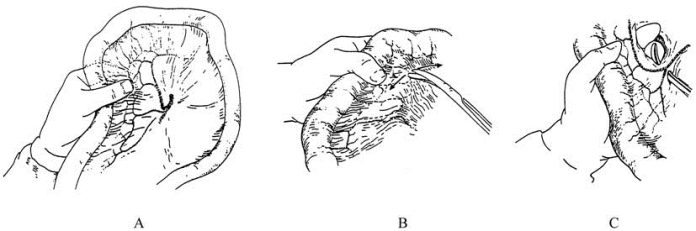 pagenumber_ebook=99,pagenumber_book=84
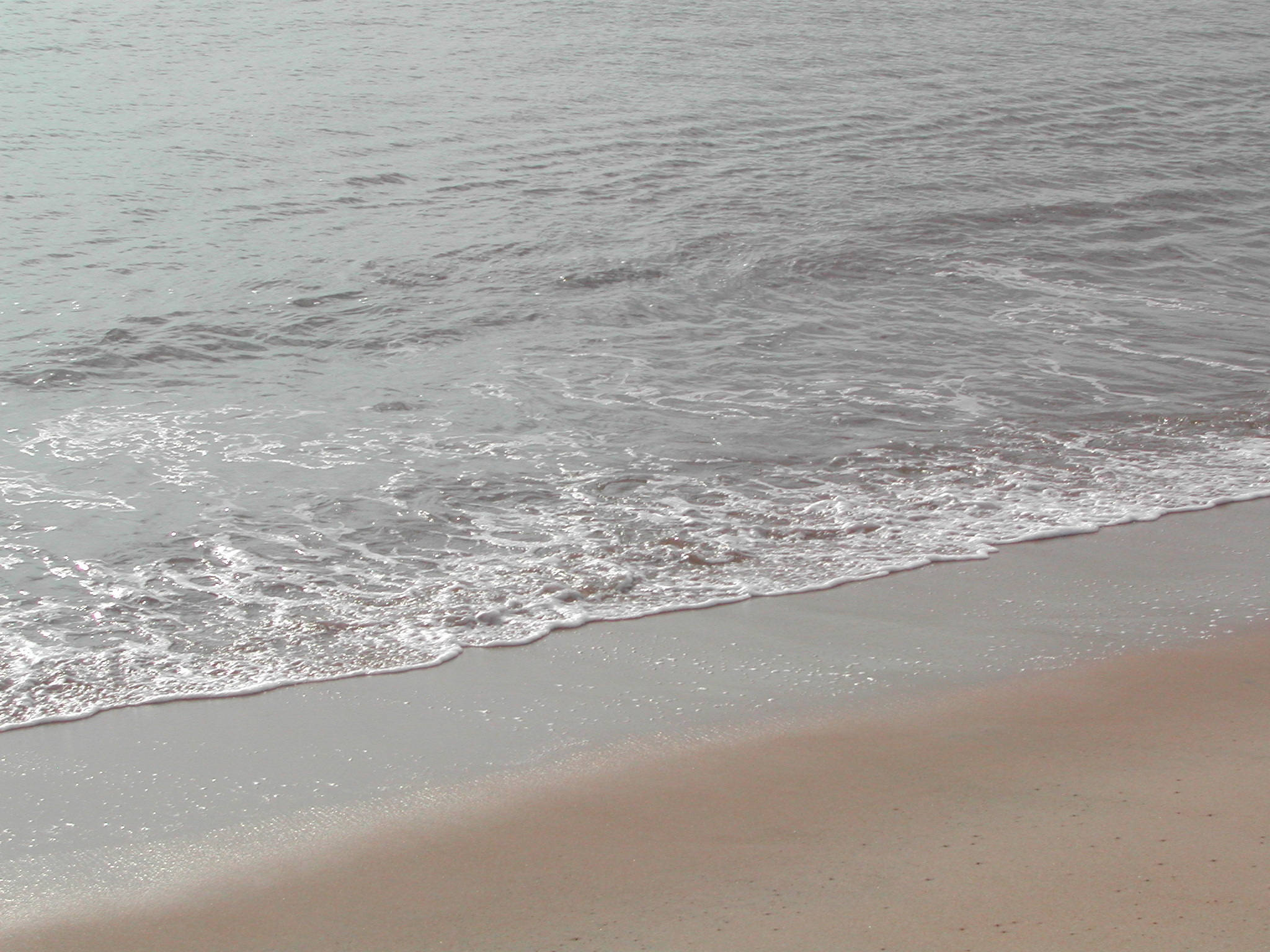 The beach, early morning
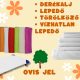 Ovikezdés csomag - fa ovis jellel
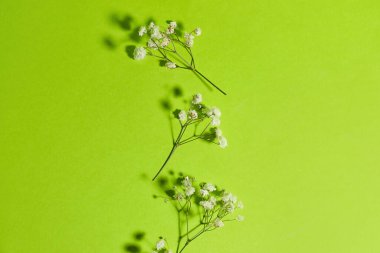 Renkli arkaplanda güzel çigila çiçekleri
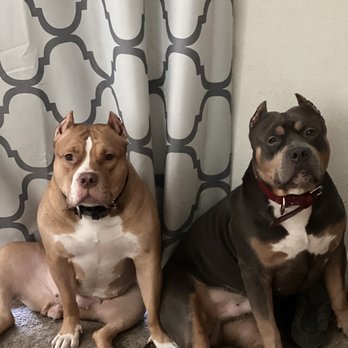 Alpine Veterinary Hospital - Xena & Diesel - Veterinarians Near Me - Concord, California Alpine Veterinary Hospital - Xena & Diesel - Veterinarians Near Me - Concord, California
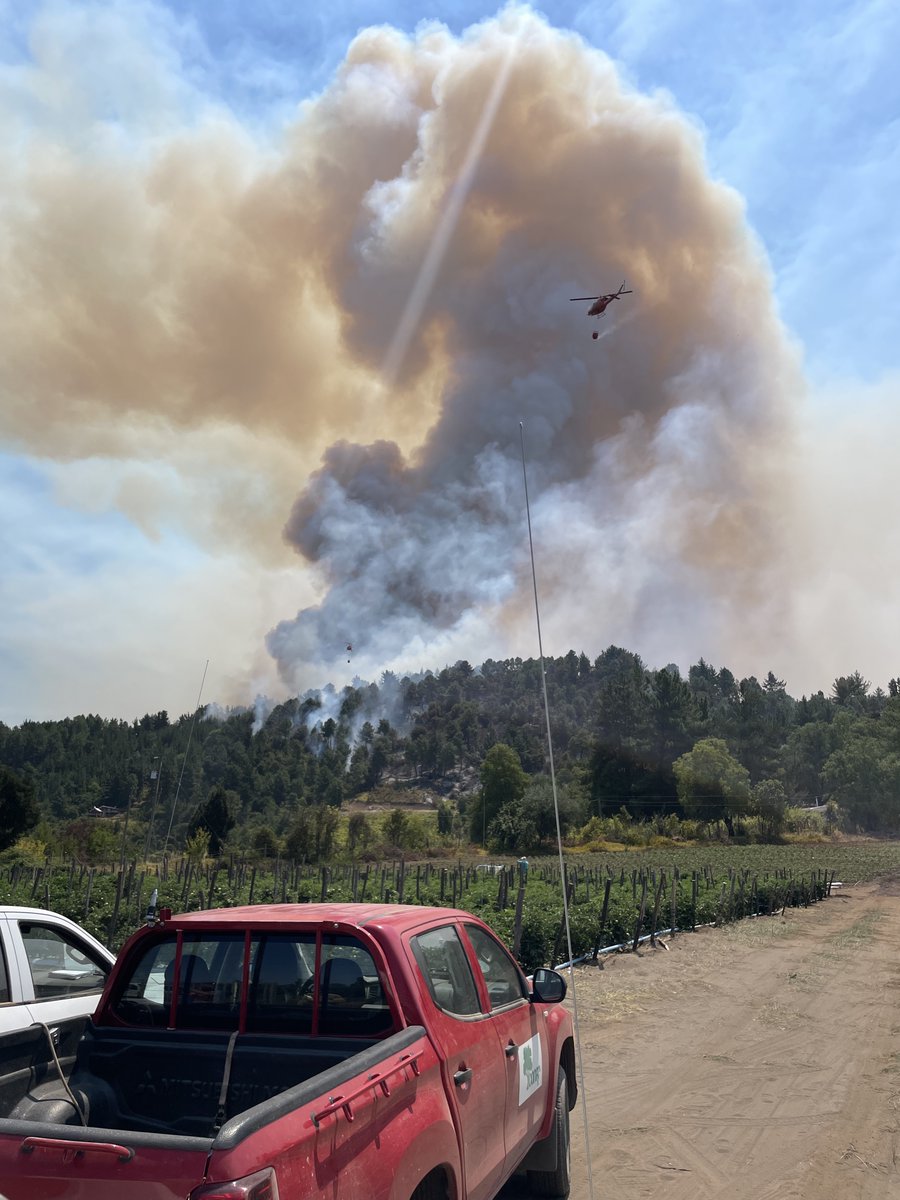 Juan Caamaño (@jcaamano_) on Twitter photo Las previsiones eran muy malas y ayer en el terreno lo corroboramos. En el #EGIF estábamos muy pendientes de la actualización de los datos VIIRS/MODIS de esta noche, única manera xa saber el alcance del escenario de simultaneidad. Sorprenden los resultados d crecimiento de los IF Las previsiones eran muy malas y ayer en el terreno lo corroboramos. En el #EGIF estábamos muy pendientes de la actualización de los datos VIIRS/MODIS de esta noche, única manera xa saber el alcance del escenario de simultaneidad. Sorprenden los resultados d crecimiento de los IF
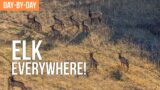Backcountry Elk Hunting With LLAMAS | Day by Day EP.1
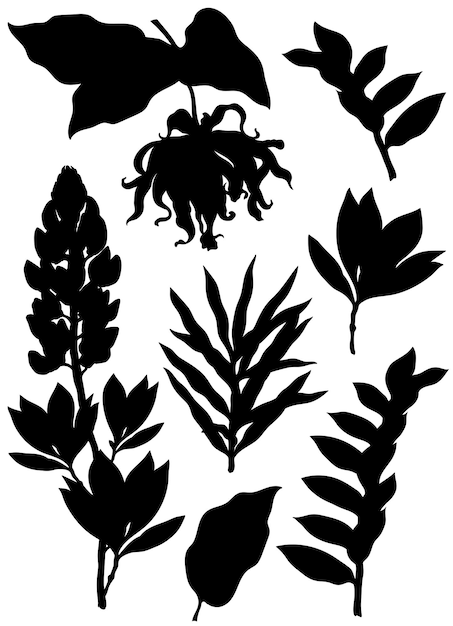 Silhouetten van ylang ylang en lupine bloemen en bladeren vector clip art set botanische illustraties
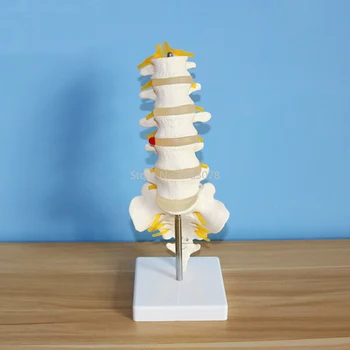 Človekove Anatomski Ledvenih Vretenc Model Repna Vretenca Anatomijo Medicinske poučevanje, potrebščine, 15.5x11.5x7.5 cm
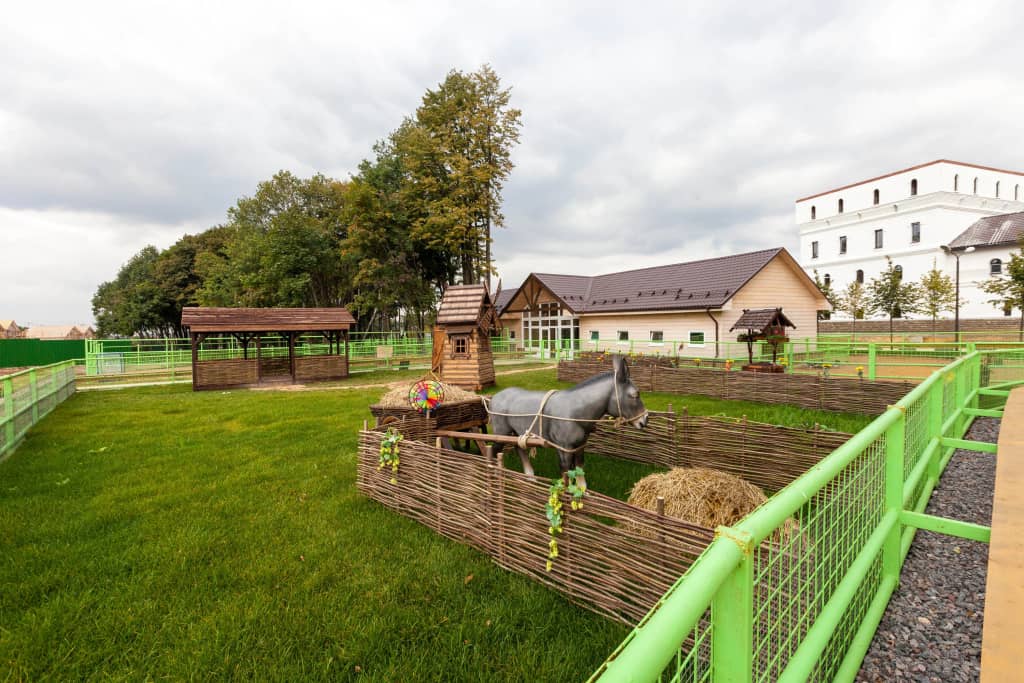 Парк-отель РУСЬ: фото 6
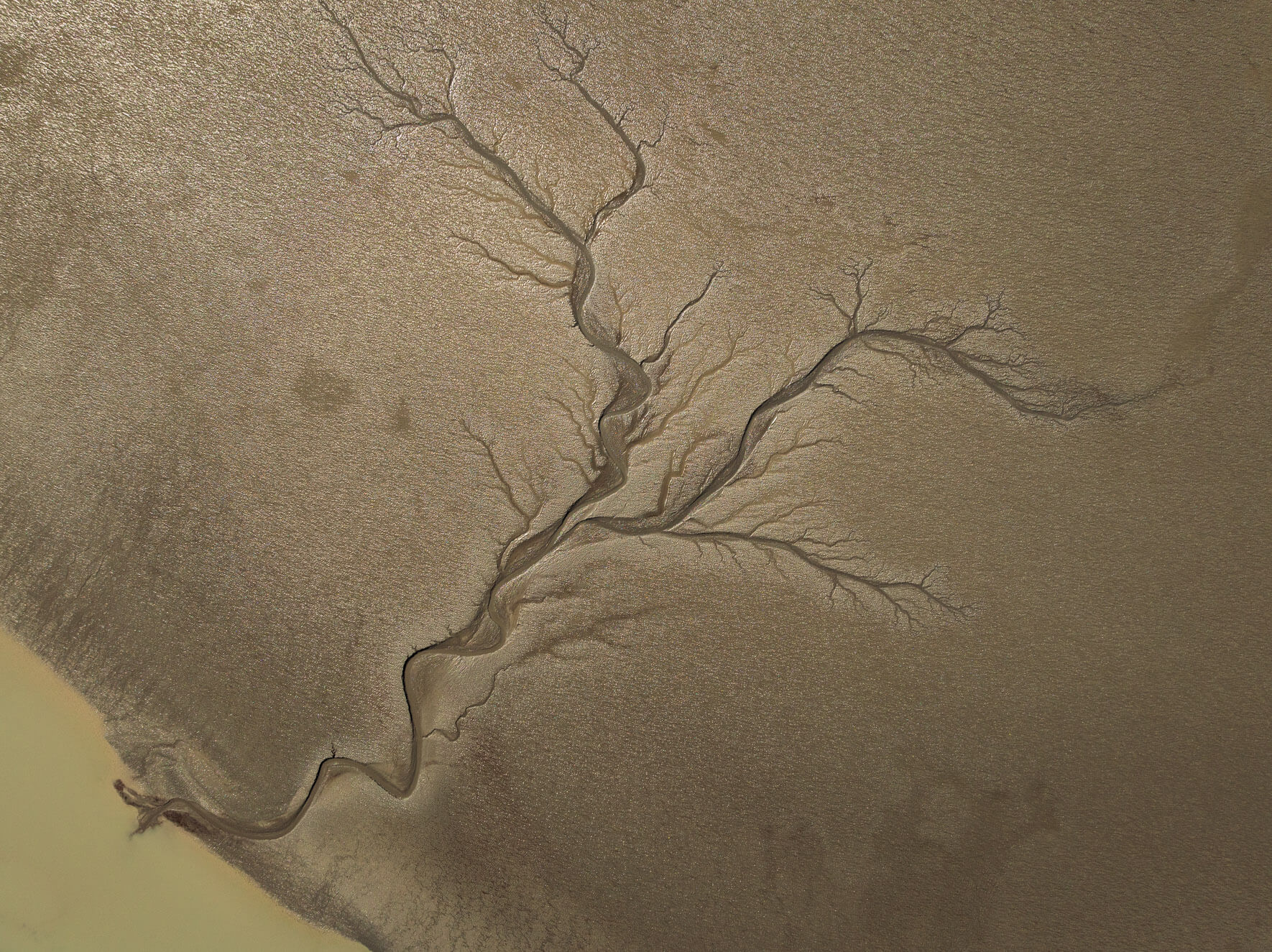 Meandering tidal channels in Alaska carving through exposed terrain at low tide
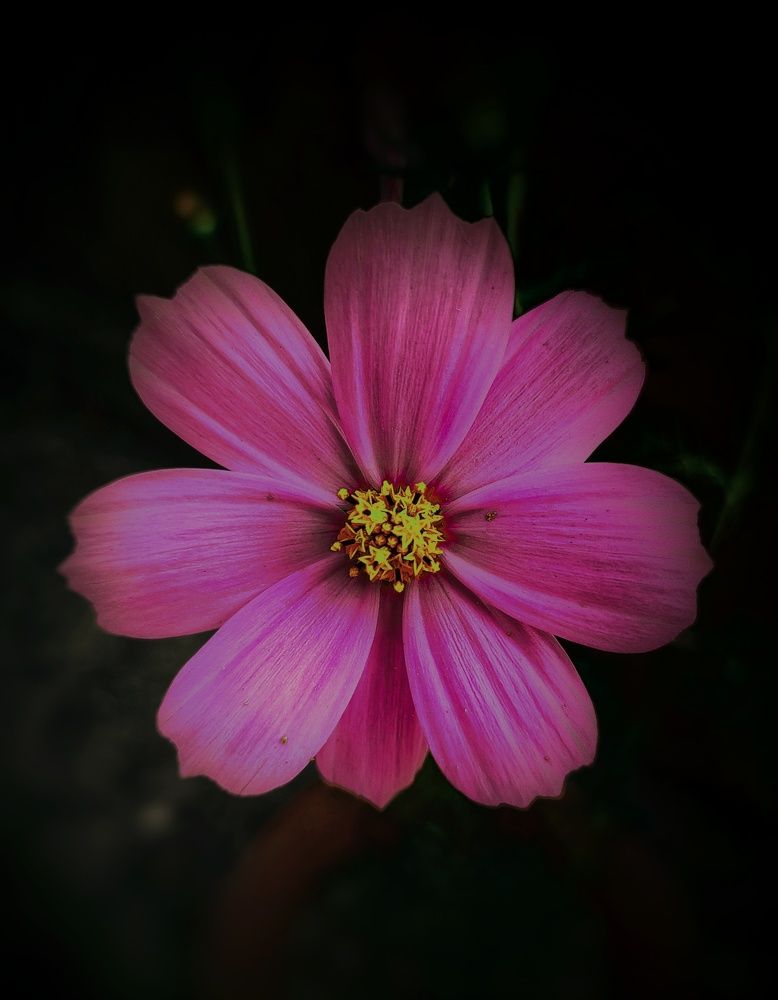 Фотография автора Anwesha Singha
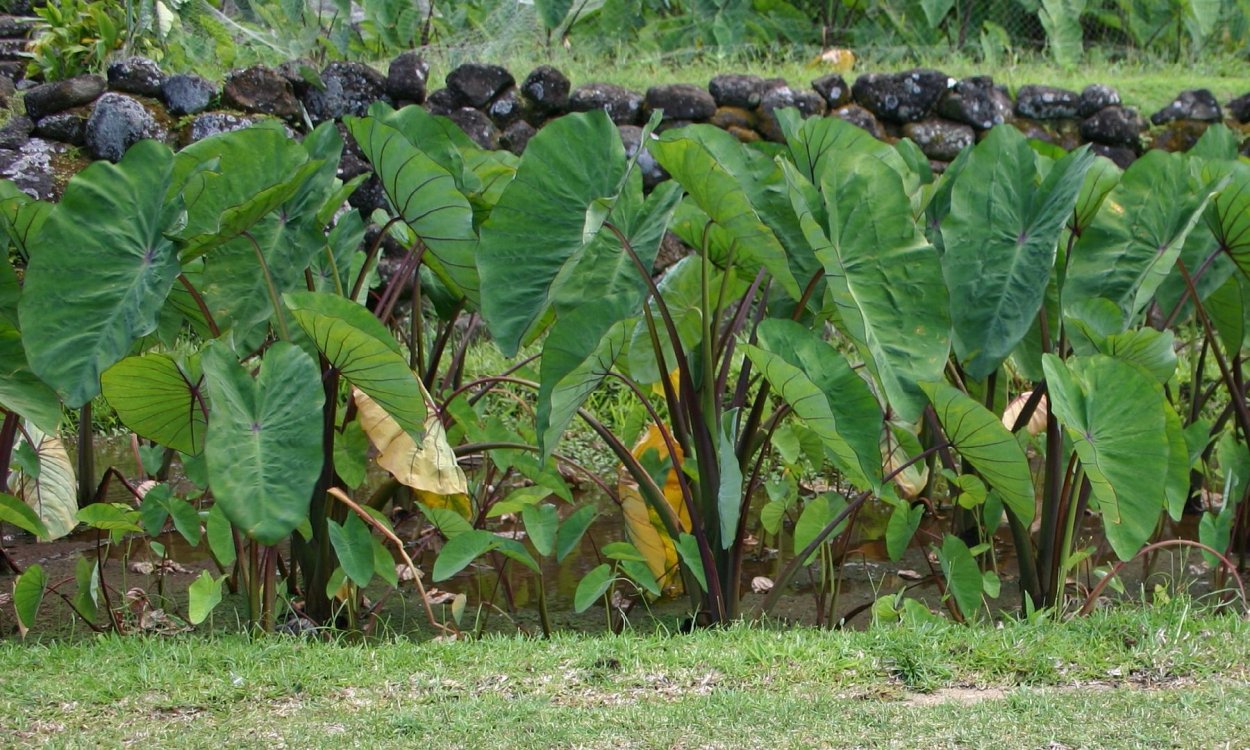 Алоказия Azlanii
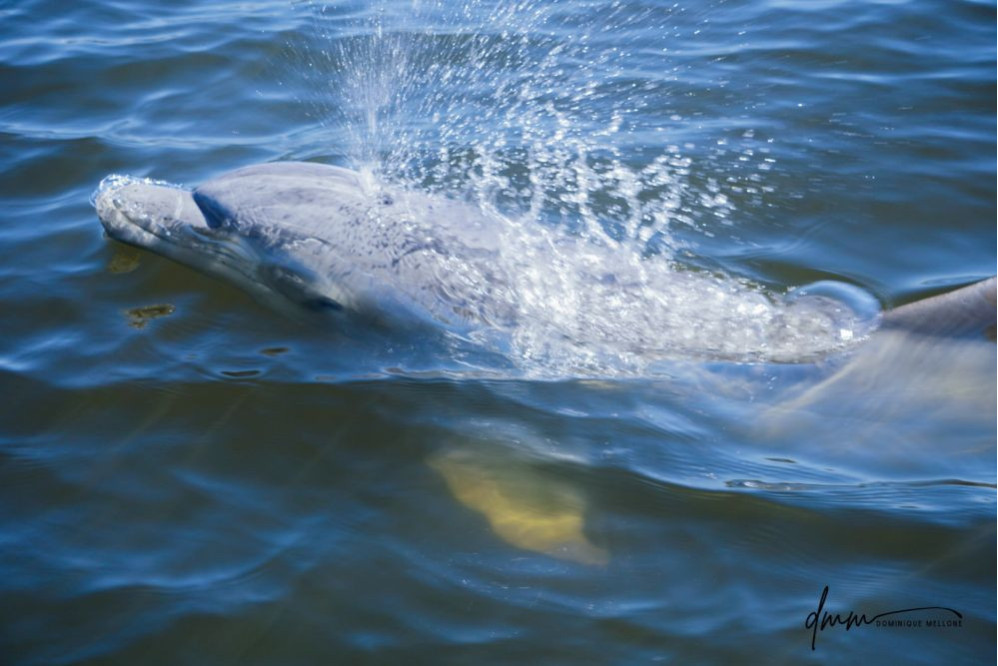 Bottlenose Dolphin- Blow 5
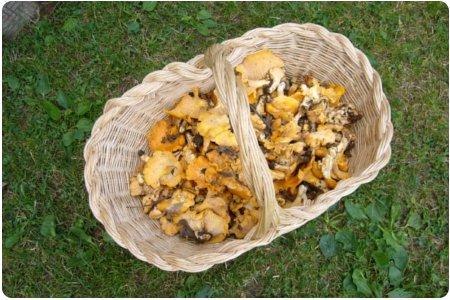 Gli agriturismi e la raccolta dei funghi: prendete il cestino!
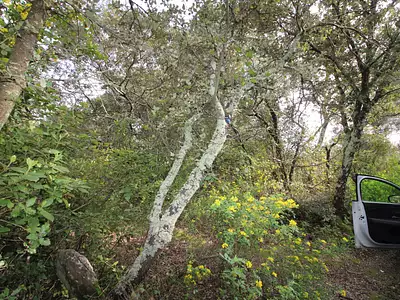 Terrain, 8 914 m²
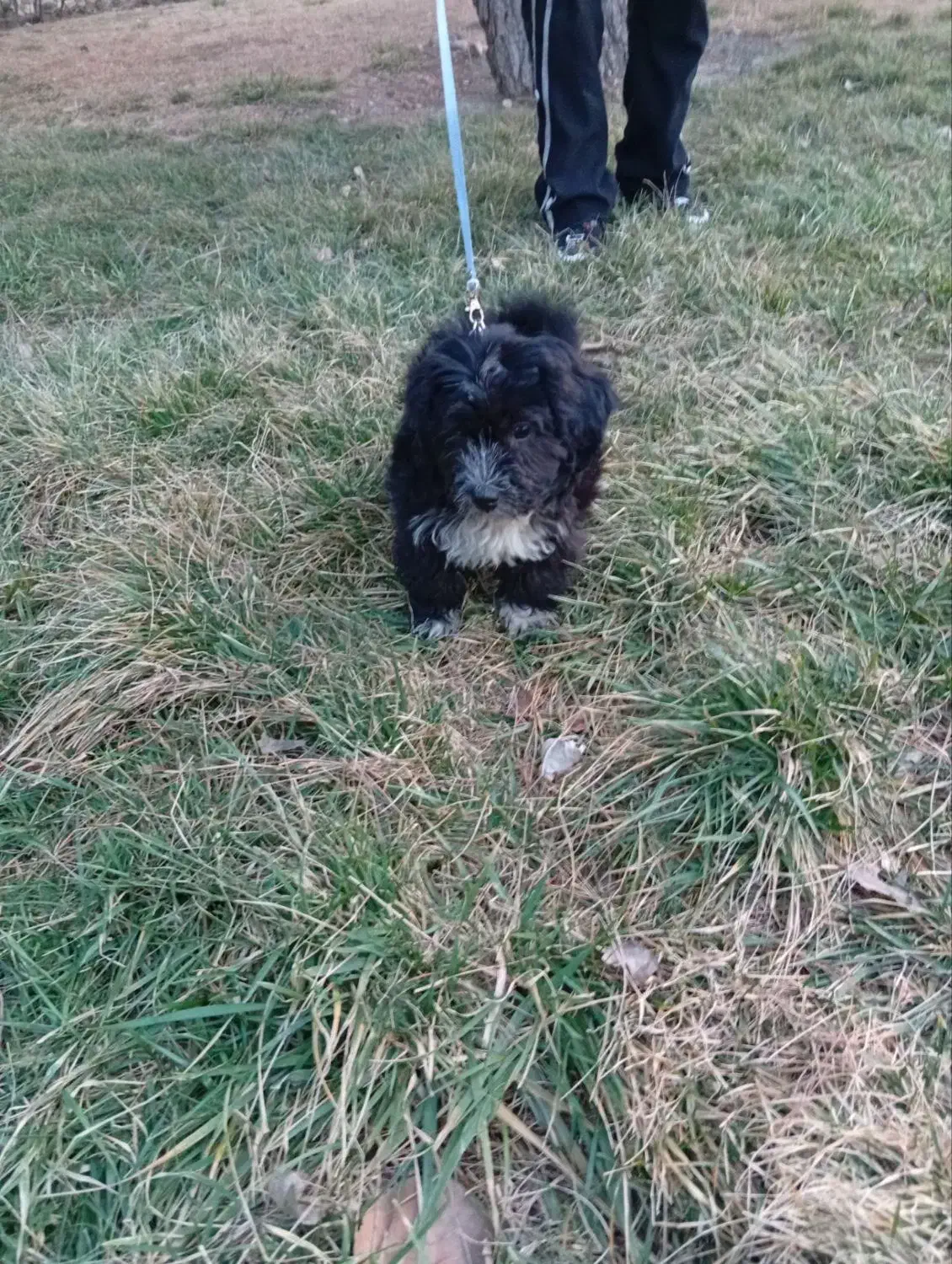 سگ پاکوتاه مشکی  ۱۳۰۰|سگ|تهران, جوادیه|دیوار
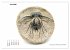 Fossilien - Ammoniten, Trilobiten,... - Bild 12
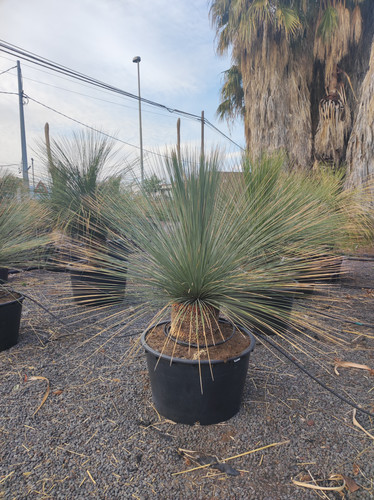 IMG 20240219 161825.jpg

**What you have to do:** Each line from the top of the records through the one containing "Concord, California Alpine" needs to be transcribed exactly, without pictures.

**Output of the exercise:**
 pagenumber_ebook=99,pagenumber_book=84
 The beach, early morning
 Ovikezdés csomag - fa ovis jellel
 Renkli arkaplanda güzel çigila çiçekleri
 Alpine Veterinary Hospital - Xena & Diesel - Veterinarians Near Me - Concord, California Alpine Veterinary Hospital - Xena & Diesel - Veterinarians Near Me - Concord, California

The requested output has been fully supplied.